With a background in physics, atmospheric science and micrometeorology, Wilson isn’t physically working with the soil samples. Instead, he uses data taken from the USCRN to understand the differing sensor climates.
Wilson has been studying soil data from the USCRN since 2009 when soil moisture measurement was first added to the network. In the past decade, Wilson has uncovered site-specific soil properties that affect the network’s soil sensors. However, gaps in the data proved a need to improve sensor performance and enhance the accuracy and quality of the USCRN’s soil data.
“What we’ve discovered through the soil moisture is that the sensors are not meant to be used in remote locations where you don’t have easy access to care for them daily,” said Wilson. “Now we know that the sensors we initially selected to make soil measurements in the USCRN are not as robust as we need across the whole network.”
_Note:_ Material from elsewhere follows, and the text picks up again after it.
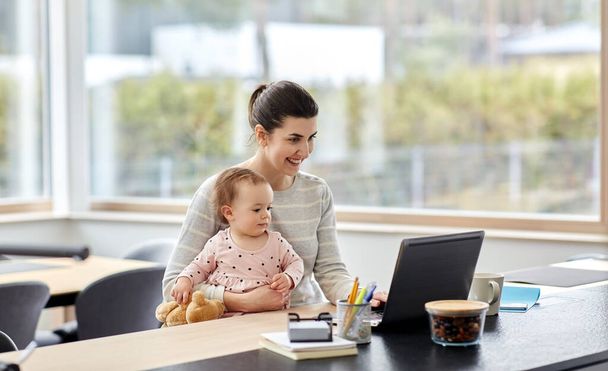 mother with baby and laptop working at home office - Φωτογραφία, εικόνα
After a decade of carefully studying soil moisture data from the USCRN, the original sensors will be replaced, and much of Tim’s research will now look at understanding the soil data that the new sensors collect.
“We want to ensure we’re producing the best quality data that the sensors can produce, and we look at all the factors that come into play,” explained Wilson. “Whether it is the soil, whether it is where the sensor is installed, whether it is the fundamental physics that go into deriving the particular results, we look into it all.”
At the end of the day, Wilson said the number one goal of the U.S. Climate Reference Network is to better understand the climate.
“I enjoy seeing how the environment works. That’s the enjoyment I get. All of these different pieces collected together make the environment what it is, and seeing that dynamic is interesting,” said Wilson.